“Not above twelve miles off.”

“Is he alive?”

“Ay, if he been’t dead since Candlemas.”

At first I thought of writing to this man; but afterwards, being afraid of committing myself by writing, I went to him: he had long before this time left off business, and had retired to enjoy his fortune in the decline of life. He was a whimsical sort of character; he had some remains of his former taste for anatomy, and was a collector of curiosities. I found him just returned from a lake which he had been dragging for a moose-deer’s horns, to complete the skeleton of a moose-deer, which he had mounted in his hall. I introduced myself, desiring to see his museum, and mentioned to him the thigh-bone of a giant found in ray neighbourhood; then by favour of this bone I introduced the able cure that he had made of a cut in my head, when I was a child.

“A cut in your head, sir? Yes, my lord, I recollect perfectly well, it was a very ugly cut, especially in an infant’s head; but I am glad to find you feel no bad effects from it. Have you any cicatrice on the place?—Eleven feet high, did you say? and is the giant’s skeleton in your neighbourhood?”

I humoured his fancy, and by degrees he gave me all the information I wanted without in the least suspecting my secret motives. He described the length, breadth, and depth, of the wound to me; showed me just where it was on the head, and observed that it must have left an indelible mark, but that my fine hair covered it. When he seemed disposed to search for it, I defended myself with the giant’s thigh-bone, and warded off his attacks most successfully. To satisfy myself upon this point, I affected to think that he had not been paid: he said he had been amply paid, and he showed me his books to prove it. I examined the dates, and found that they agreed with Ellinor’s precisely. On my return home, the first thing I did was to make Christy a present of a new wig, which I was certain would induce him to shave his head; for the lower Irish agree with the beaux and belles of London and Paris, in preferring wigs to their own hair. Ellinor told me, that I might safely let his head be shaved, because to her certain knowledge, he had scars of so many cuts which he had received at fairs upon his skull, that there would appear nothing particular in one more or less. As soon as the head was shaved, and the wig was worn, I took an opportunity one day of stopping at the forge to have one of my horse’s shoes changed; and whilst this was doing, I took notice of his new wig, and how well it fitted him.
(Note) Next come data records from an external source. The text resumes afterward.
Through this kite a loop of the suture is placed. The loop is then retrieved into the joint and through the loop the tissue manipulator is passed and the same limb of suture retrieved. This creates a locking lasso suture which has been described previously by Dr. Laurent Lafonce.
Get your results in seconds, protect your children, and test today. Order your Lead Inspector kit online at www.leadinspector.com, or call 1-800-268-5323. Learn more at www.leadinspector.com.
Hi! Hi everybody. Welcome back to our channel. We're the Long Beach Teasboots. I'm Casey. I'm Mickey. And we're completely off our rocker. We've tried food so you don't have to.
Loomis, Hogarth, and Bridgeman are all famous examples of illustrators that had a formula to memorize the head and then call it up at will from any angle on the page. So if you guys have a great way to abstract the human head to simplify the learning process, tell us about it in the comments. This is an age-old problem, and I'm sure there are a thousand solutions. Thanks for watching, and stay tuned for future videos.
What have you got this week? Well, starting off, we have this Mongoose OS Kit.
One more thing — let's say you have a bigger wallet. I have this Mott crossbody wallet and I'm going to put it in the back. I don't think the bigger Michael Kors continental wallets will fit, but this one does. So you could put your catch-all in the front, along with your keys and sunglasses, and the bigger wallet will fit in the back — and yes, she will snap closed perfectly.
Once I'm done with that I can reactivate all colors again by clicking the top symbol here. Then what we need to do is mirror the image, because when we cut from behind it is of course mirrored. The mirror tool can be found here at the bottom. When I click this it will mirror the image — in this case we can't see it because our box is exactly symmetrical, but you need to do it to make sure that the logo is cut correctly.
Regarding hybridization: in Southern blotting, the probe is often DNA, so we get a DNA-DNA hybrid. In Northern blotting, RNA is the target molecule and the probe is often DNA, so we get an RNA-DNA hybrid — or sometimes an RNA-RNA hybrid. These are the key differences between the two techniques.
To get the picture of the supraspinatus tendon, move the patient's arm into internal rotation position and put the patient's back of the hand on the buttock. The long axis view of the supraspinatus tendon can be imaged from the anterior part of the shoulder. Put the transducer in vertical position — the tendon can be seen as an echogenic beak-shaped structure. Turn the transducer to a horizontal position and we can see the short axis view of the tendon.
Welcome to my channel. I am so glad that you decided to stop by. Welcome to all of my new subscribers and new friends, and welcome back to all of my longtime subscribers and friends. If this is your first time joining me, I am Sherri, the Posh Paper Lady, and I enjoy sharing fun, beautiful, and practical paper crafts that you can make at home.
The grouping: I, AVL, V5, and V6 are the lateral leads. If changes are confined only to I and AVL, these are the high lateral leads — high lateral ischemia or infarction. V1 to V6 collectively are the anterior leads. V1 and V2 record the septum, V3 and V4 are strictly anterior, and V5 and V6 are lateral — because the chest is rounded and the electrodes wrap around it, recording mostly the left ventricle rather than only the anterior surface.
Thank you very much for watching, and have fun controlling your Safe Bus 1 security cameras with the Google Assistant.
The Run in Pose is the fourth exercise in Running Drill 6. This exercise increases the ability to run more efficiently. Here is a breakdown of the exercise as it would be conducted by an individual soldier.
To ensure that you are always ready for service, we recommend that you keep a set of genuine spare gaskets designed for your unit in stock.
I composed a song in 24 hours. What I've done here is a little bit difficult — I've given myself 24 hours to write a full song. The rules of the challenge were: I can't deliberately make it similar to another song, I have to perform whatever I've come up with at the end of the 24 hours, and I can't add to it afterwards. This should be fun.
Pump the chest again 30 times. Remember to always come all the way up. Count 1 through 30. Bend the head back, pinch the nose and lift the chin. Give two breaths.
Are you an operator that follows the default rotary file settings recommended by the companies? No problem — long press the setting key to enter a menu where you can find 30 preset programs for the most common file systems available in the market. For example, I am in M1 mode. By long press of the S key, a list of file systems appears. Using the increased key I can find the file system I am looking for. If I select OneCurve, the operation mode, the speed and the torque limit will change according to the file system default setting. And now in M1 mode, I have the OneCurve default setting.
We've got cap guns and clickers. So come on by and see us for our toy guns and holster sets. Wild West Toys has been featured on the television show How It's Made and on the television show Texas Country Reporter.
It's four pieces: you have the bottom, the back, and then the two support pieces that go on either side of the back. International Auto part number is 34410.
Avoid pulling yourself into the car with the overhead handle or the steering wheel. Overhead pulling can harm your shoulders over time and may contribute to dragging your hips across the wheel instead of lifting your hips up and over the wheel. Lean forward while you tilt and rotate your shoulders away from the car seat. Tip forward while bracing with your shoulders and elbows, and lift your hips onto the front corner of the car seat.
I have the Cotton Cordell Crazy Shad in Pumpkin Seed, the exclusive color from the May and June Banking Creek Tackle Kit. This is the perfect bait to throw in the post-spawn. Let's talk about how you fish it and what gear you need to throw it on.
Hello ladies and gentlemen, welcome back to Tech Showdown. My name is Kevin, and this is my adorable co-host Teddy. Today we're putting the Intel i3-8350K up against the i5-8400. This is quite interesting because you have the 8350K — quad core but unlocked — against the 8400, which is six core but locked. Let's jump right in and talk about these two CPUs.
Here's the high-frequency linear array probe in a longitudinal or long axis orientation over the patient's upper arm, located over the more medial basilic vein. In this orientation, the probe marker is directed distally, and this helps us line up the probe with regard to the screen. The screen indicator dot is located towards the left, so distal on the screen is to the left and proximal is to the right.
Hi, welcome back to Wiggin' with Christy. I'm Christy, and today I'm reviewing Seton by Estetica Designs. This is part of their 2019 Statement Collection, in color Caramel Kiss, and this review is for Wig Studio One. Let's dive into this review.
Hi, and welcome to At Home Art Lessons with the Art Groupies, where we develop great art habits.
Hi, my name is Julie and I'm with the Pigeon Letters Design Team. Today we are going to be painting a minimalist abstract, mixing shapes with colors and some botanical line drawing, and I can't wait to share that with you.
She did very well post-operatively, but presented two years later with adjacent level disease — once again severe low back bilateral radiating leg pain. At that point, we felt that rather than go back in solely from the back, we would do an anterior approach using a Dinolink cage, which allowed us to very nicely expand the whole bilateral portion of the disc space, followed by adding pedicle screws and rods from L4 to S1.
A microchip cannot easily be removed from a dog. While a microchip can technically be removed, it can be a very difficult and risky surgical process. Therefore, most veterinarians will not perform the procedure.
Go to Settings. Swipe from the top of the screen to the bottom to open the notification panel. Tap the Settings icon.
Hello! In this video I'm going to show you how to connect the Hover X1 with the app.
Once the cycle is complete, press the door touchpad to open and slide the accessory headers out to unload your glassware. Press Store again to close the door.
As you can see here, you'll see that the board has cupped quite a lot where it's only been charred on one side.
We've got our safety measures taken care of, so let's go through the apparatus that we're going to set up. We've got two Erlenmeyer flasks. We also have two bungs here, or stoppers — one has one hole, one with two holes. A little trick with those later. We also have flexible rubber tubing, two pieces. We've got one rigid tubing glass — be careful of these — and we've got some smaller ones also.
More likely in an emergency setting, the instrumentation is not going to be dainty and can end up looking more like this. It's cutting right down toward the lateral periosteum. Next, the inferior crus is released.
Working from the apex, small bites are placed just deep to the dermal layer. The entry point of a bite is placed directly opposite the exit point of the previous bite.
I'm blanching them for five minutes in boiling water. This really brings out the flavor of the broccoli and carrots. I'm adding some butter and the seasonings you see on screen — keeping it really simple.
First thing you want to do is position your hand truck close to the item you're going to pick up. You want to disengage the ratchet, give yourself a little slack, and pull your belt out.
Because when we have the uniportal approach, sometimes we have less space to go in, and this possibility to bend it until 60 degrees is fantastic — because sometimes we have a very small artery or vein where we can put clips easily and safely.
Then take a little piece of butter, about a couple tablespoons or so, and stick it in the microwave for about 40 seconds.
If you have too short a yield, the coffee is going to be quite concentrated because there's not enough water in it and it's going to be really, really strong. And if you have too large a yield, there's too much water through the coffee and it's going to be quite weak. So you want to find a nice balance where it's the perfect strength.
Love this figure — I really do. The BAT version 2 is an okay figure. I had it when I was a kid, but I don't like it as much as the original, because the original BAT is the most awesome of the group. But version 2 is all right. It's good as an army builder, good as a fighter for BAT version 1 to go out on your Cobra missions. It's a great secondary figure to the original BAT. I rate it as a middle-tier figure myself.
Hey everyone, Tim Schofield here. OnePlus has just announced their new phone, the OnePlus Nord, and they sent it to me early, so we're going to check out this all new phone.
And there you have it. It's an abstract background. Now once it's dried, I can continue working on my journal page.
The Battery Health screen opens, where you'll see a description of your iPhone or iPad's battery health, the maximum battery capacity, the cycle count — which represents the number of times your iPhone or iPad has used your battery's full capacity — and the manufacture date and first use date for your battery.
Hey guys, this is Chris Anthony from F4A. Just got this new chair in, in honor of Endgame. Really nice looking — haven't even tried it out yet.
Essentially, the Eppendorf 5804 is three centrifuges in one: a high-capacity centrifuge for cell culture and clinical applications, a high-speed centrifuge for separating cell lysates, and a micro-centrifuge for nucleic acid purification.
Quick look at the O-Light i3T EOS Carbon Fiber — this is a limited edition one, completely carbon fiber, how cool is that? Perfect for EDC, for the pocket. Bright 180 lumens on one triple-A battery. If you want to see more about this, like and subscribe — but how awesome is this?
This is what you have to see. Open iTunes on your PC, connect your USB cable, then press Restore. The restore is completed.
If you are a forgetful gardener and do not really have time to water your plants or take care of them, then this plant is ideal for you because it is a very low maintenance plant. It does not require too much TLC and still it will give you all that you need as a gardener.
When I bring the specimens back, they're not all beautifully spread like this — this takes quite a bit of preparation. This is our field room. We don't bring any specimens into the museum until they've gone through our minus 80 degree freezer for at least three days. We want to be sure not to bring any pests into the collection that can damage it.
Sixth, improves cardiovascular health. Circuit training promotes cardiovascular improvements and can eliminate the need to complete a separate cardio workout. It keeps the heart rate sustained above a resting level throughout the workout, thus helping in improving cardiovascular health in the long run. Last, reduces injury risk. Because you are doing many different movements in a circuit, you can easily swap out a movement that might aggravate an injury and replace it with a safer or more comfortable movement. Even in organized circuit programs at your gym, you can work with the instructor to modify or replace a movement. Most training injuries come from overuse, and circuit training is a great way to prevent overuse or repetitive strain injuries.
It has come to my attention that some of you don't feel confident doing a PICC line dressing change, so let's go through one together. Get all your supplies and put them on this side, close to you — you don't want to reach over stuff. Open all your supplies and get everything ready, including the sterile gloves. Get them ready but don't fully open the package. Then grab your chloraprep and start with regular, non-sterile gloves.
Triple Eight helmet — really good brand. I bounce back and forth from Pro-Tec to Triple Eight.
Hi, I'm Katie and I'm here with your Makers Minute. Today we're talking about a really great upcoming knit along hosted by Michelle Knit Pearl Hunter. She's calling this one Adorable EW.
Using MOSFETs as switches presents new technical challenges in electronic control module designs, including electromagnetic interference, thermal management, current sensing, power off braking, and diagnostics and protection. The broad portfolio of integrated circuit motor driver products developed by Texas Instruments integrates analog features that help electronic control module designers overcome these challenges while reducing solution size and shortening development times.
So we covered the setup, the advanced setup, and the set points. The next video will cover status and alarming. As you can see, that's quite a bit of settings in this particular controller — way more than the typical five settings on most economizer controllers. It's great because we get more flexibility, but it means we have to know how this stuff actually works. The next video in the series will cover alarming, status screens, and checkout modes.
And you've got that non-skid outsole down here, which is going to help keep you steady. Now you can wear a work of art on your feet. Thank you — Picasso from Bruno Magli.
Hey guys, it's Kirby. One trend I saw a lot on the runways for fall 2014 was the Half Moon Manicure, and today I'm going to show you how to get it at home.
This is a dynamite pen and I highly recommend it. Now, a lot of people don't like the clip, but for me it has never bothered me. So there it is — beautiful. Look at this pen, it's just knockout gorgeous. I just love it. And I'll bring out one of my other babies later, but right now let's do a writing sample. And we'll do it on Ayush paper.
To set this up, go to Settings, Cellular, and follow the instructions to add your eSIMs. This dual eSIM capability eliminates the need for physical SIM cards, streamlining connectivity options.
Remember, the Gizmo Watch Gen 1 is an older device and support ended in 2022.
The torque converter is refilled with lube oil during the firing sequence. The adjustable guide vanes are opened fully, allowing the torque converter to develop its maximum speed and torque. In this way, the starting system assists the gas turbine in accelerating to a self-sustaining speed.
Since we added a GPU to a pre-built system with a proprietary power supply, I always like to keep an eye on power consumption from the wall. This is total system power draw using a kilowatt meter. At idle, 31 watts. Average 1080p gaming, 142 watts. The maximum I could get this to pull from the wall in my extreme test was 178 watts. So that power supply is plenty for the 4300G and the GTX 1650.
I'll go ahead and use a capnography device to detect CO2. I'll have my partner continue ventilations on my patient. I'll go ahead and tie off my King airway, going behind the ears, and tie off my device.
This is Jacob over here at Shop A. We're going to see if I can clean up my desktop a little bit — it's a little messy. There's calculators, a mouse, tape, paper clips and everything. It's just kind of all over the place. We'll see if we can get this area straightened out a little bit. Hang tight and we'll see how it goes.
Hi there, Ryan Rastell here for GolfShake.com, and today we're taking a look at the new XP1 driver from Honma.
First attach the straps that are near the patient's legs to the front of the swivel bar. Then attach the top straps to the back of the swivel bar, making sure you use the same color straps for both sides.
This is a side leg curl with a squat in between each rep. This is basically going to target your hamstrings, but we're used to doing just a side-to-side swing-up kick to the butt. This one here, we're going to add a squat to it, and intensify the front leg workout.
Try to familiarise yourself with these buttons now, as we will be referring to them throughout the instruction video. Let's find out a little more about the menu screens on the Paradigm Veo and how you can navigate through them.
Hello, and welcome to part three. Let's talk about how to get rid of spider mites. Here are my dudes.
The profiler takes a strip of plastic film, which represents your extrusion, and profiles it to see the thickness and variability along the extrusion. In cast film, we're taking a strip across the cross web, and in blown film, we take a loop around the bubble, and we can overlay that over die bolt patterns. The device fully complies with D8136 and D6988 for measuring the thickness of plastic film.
As I expected, he took it off to show it me better, and to pay his own compliments to it.

“Sure enough, you are a very fine wig,” said he, apostrophising it as he held it up on the end of his hammer; “and God bless him that give it me, and it fits me as if it was nailed to my head.”

“You seem to have had a good many nails in your head already, Christy,” said I, “if one may judge by all these scars.”

“Oh yes, please your honour, my lord,” said he, “there’s no harm in them neither; they are scratches got when I was no wiser than I should be, at fairs, fighting with the boys of Shrawd-na-scoob.”

Whilst he fought his battles o’er again, I had leisure to study his head; and I traced precisely all the boundary lines. The situation, size, and figure of the cicatrice, which the surgeon and Ellinor had described to me, were so visible and exact, that no doubt could remain in my mind of Christy’s being the real son of the late Lord and Lady Glenthorn. This conviction was still more impressed upon my mind a few days afterwards. I recollected having seen a file of family pictures in a lumber-room in the castle; and I rummaged them out to see if I could discover amongst them any likeness to Christy: I found one; the picture of my grandfather,—I should say, of his grandfather, to which Christy bore a striking resemblance, when I saw him with his face washed, and in his Sunday clothes.